Published on: 00:29AM Jun 21, 2010
I just had to respond to one of my reader’s posts because I read some worry and perhaps cynicism in his or her question, and I wanted to reassure as best as I could. To Anonymous 9:34, here it goes:
If you are concerned about the long-term prospects for American agricultural commodities, broadly speaking, the outlook is good. There is a hungry world population to feed and, at least near-term, demand for alternative ag-based fuels to explore. The American Farmer never ceases to amaze me with the ability to produce to meet demand. That said, I know marketing in an uncertain world brings its challenges. For many farmers—experts at production and not so interested in marketing—these challenges are unwelcome. Yet I believe that marketing is as important a management frontier to tackle as is pest management or any other production technology you may learn.

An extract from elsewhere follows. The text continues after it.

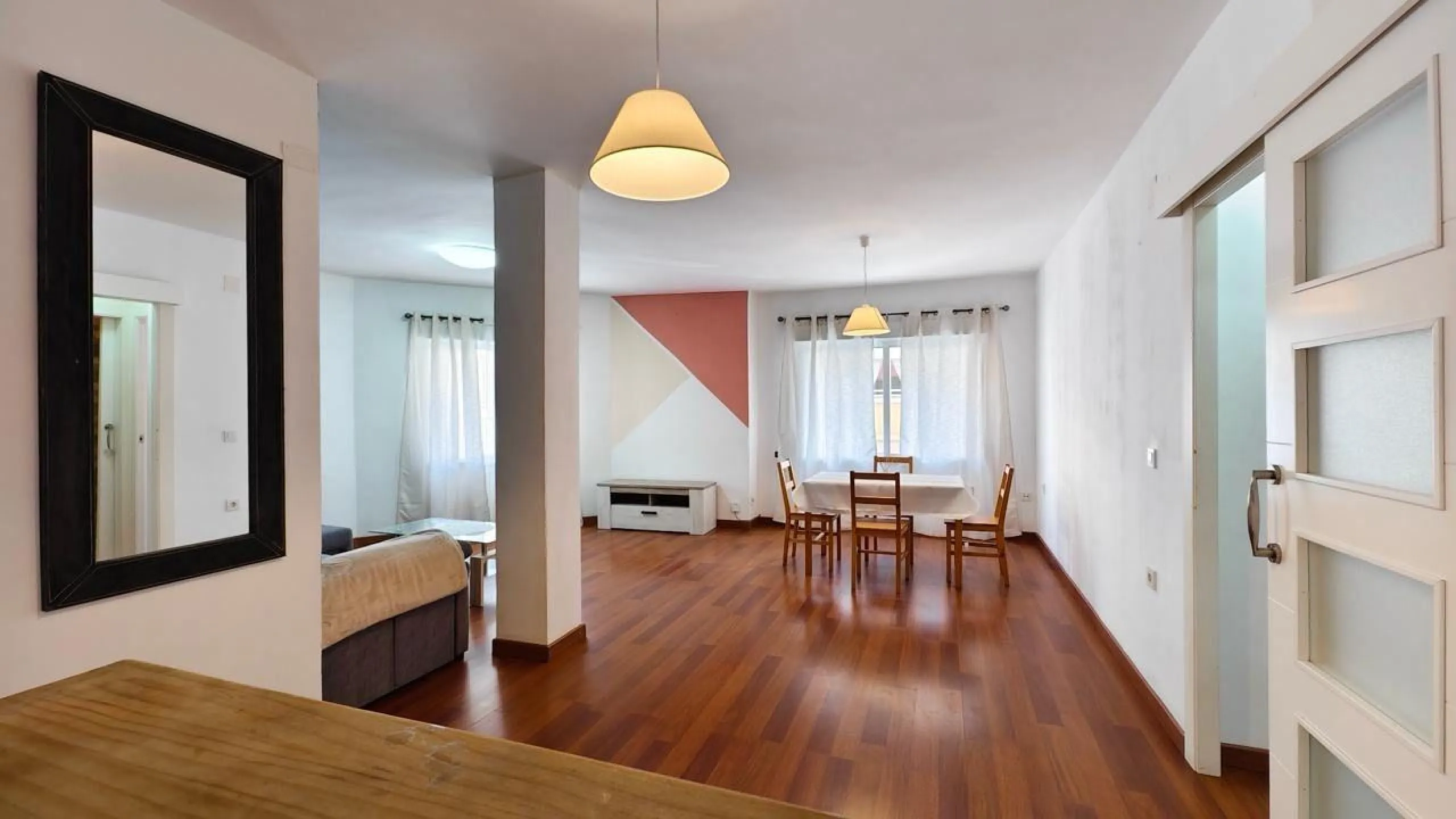 APARTAMENTO A 300 METROS DE PLAYA CON 3 DORM. 2 BAÑOS CON SUPERFICIE DE 108 M2.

As a general rule, marketing budgets should be about 10-15 percent of the value of the crops they are protecting. That’s our basic recommendation. The nice thing about the Market Scenario Planning approach (as I described in my last post) is that many times a solid scenario plan that takes care of the most practical price possibilities also works really well for the disasters.
Take this year for example. Using various technical and cycle analyses, "bad news" for corn this year is any of the technical objectives between $1.94 and $2.35. (I know most people may argue that any price lower than current prices is a disaster.) A sound strategy currently might have one covered to the downside by 80 percent or more on the current crop and 10-50 percent on the 2011 crop.
Let's say we look at the 2010 crop and it is 80 percent covered at $4.00 futures price. A $1.00 drop to the $3.00 price level prices out your entire crop at $3.80 ($4.00 on 80% and $3.00 on 20%).
Let's say the market keeps dropping to something extreme, say $1.00. So what is the outcome in that case? Your average price is $3.40 on all bushels when corn is at $1.00 (80 percent at $4.00 and 20 percent at $1.00). Not a bad price for that situation. It was the fact that you had 80 percent covered in some way (cash, futures, options, etc.) that gave you the preparation for “whatever” to happen. The last 20 percent is not going to have a major effect on your average price.
Remember to structure the tools you are using so you have the same potential on the topside, and that makes your weighted average price flexible, allowing you to handle whatever the market throws at you in a very reasonable, cost-effective manner.